Printing, Power & a Cultural Awakening

In 1798, Napoleon landed in Egypt with not just soldiers, but printing presses, types, and trained operators – including the orientalist Jean-Joseph Marcel and the young printer Marc Aurel. Within days, the Imprimerie orientale et française was established in Alexandria, later relocated to Cairo. The press produced official proclamations, military bulletins, and Arabic-language materials to win over local elites – a radical novelty at the time.

Although the French occupation ended in 1801, it left a lasting impression. The Bulaq Press, founded two decades later by Muhammad Ali Pasha (Basha in Arabic), drew direct inspiration from Napoleon’s printing model. Notably, one of Bulaq’s key figures, Niqula Musabiki, had previously worked at the French press in Cairo.

Bulaq became the first major Arabic publisher, printing grammars, religious texts, scientific treatises, and literature — including the first complete Arabic edition of One Thousand and One Nights (1835), a masterpiece of Arabic printing and literary history that helped define the global image of the Arab literary tradition, and one of the centrepieces of Peter Harrington’s 2025 presentation.

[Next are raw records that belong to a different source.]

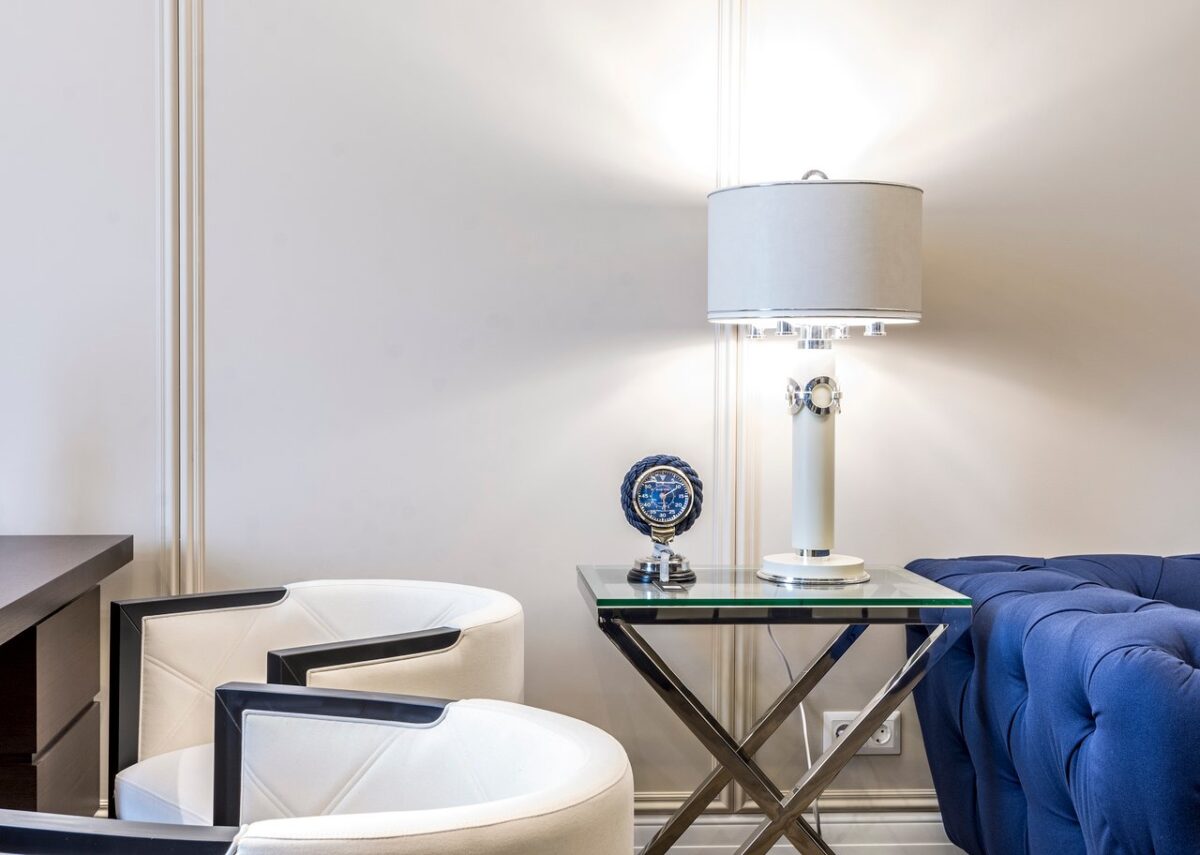 about-us-02 Interior of contemporary living room with small table and lamp near sofa and armchairs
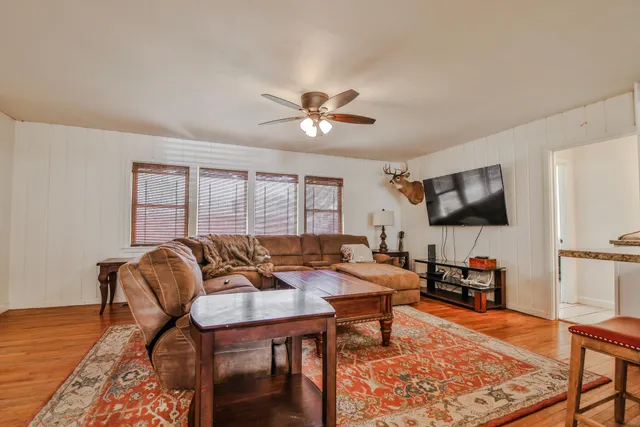 a living room with furniture a flat screen tv and a window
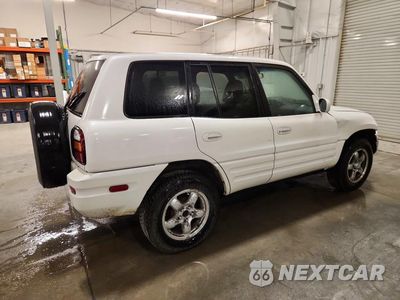 Trzecie zdjęcie samochodu z tyłu: 1999 TOYOTA RAV4 BASE VIN:JT3HP10V4X7121748 - miniatura
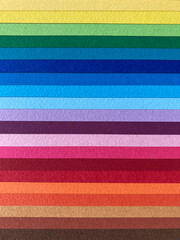 Colorful horizontal rainbow of overlapping paper sheets, abstract striped background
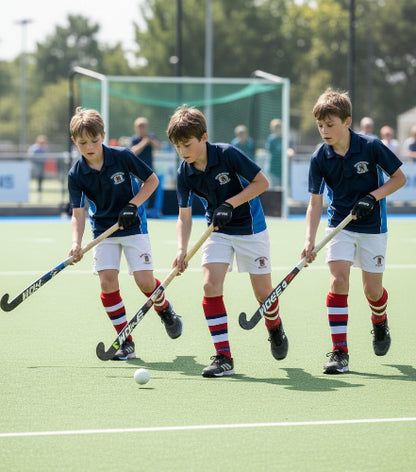 Collection of sports attire including socks, shorts, and a t-shirt on a green background.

Highlights from These Landmark Presses at ADIBF 2025 Include:

  • A rare and previously unrecorded pamphlet issued by Napoleon’s mobile press in Alexandria during the Syrian campaign (1799) — one of the first printed works in Egypt using movable type, reflecting Napoleon’s strategic use of the press as a tool of influence and control.
  • An 1835 Bulaq edition of One Thousand and One Nights, the first complete edition printed in the Arab world and the foundation for modern translations.
  • A French-Arabic vocabulary (1799) from the Imprimerie nationale, likely the first separately published lexicon of its kind.
  • Qur’anic and grammatical texts printed at Bulaq, fine examples of the elegance of early Arabic printing.

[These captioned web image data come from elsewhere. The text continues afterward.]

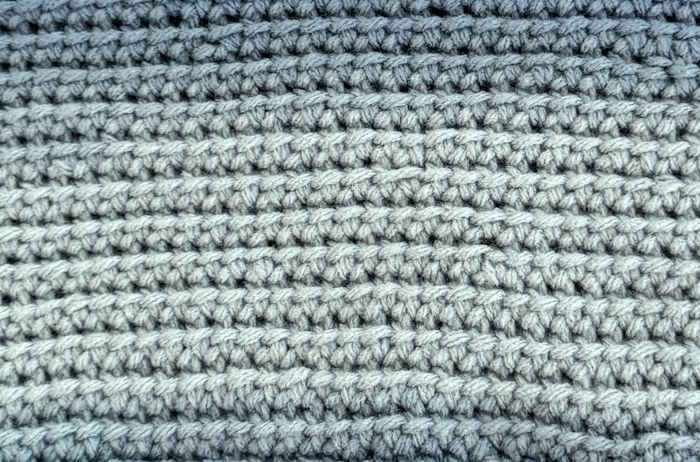 Linked half-double crochet swatch worked in ombre yarn. Linked half-double crochet swatch worked in ombre yarn.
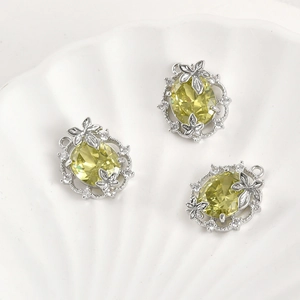 Macro detail of 14k gold plated oval olive green zircon leaf pendants for jewelry making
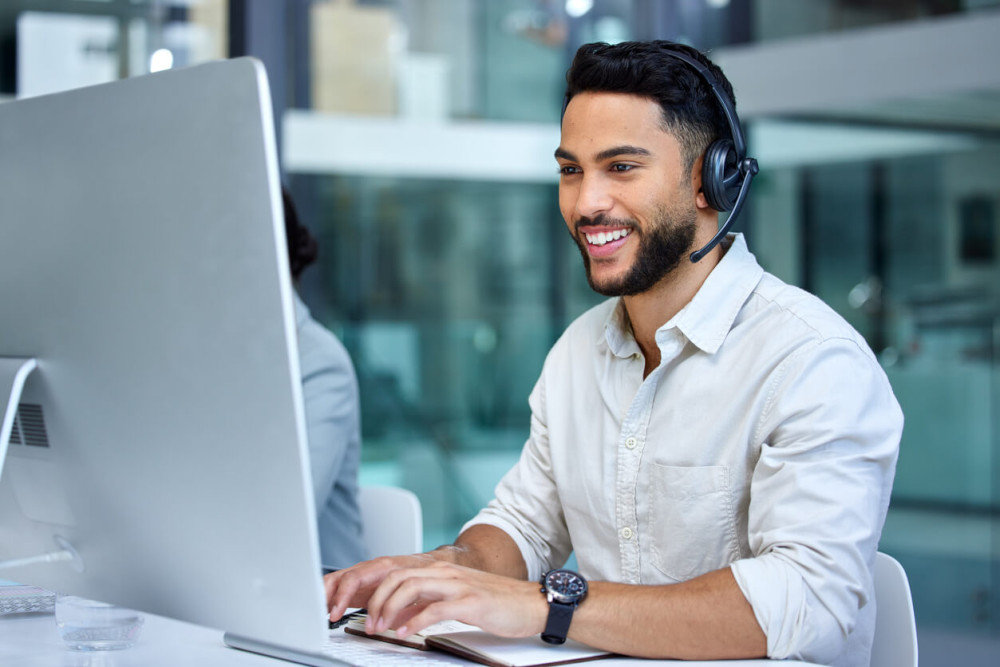 technician smiling and using an Imac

These works reflect not only the technological awakening of a region, but also the early stages of a broader intellectual and literary renaissance that swept through the Arab world in the 19th century – influencing everything from state governance to religious scholarship.

Contemporary Relevance

In 2025, this story resonates deeply across the Middle East. Regional museums and cultural institutions — including the upcoming Zayed National Museum, House of Wisdom in Sharjah, Arabic Language Centre and Qatar National Library — are increasingly focused on the material culture of knowledge, and the evolution of Arabic printing is central to that narrative.

Peter Harrington’s exhibition at ADIBF invites media, collectors, curators, and academics to explore the origin story of Arabic publishing — one of unintended consequence and enduring legacy.

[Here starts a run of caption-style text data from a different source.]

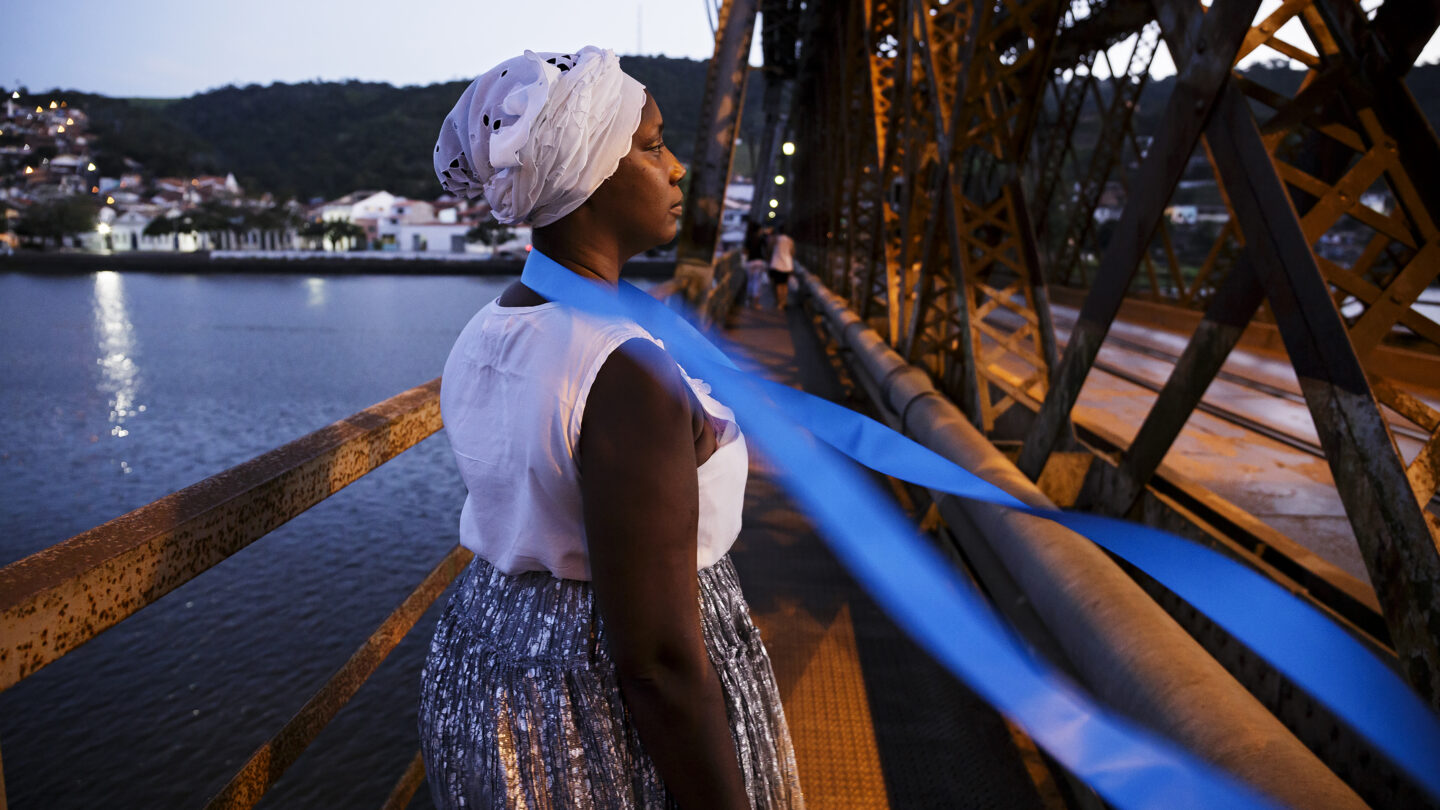 Fotografia de uma mulher negra de perfil olhando para o lado direito. Ela usa roupas brancas e um lenço azul no pescoço que é movimentado pelo vento, formando uma diagonal na imagem. A mulher está em cima de uma ponte.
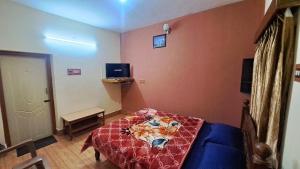 Postel nebo postele na pokoji v ubytování SoNa holidays Inn
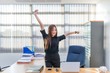 © reewungjunerr - Asian officer woman stretching body at the desk of office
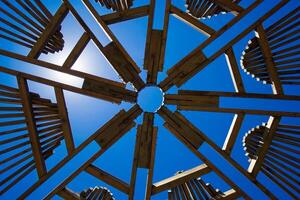 architectural wooden structure with a complex pattern of intersecting beams that frame the sky above photo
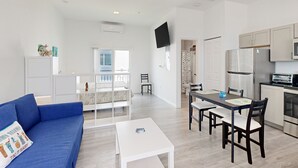 A modern apartment with a living room, dining area, and kitchen. - Gulfside condo with gorgeous views, shared pool, WiFi, & close to attractions (Marathon)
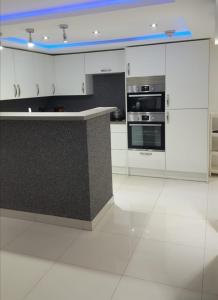 a kitchen with white cabinets and a black counter top at Lovely 2-Bed Apartment in Coventry in Coventry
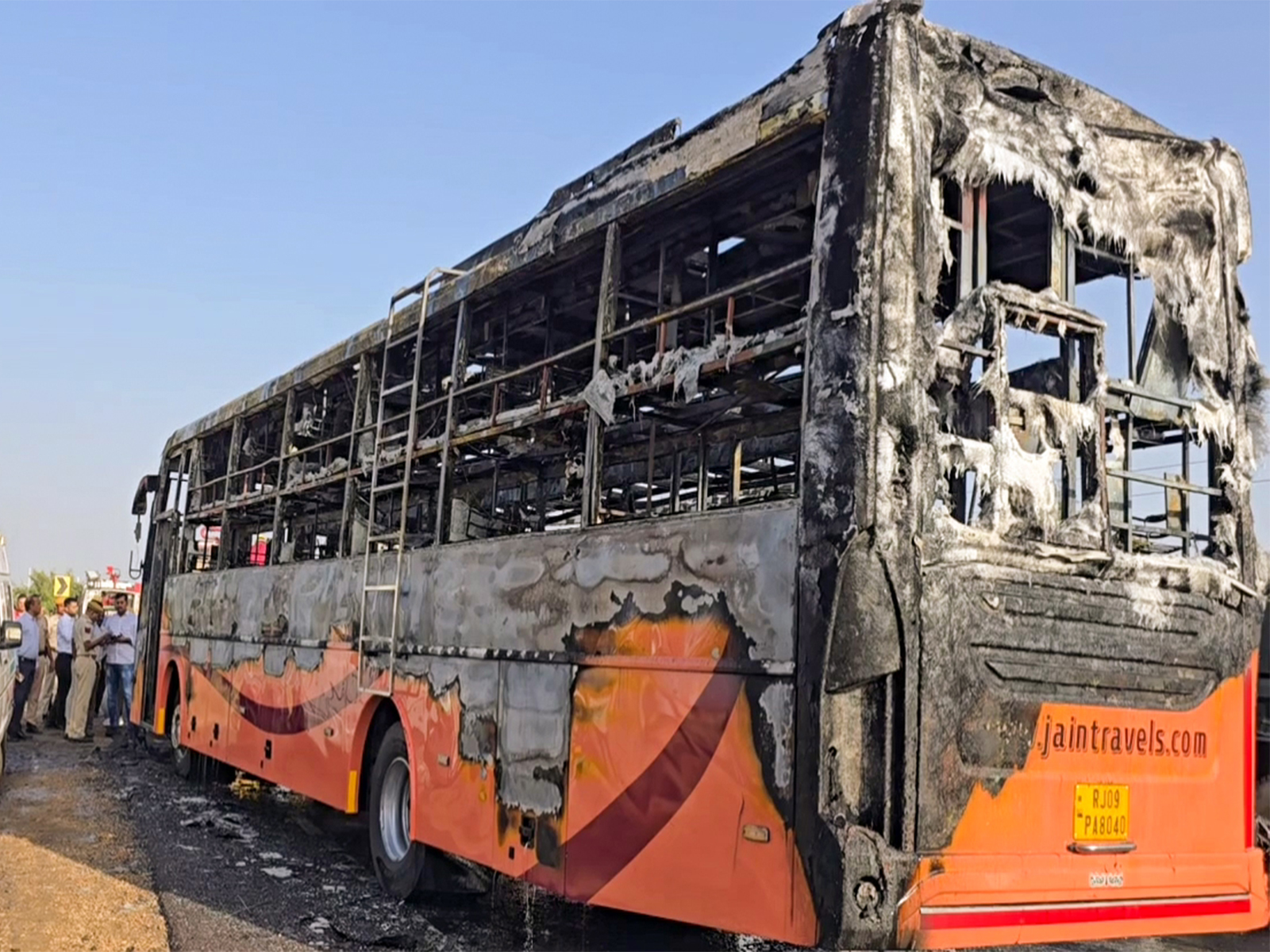 Bus enroute to Jodhpur caught fire near Thaiyat village in Jaisalmer on Tuesday. (Photo/ANI) Bus enroute to Jodhpur caught fire near Thaiyat village in Jaisalmer on Tuesday. (Photo/ANI)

Peter Harrington has attended Abu Dhabi International Book Fair since 2016. The Middle East region currently accounts for between 15-20 percent of Peter Harrington’s international sales, with the majority of the buyers from the region made up of institutional buyers for libraries and regional museums, government departments and private collections of regional patrons of the arts and culture.

The UAE accounts for the largest share of Peter Harrington’s Middle East business, with a growing collector community in Saudi Arabia, Kuwait, Bahrain and Qatar who work with the rare book’s specialist team to curate, appraise and acquire items for private and institutional collections. The cost of single book acquisitions ranges from the low thousands to more than a million dirhams.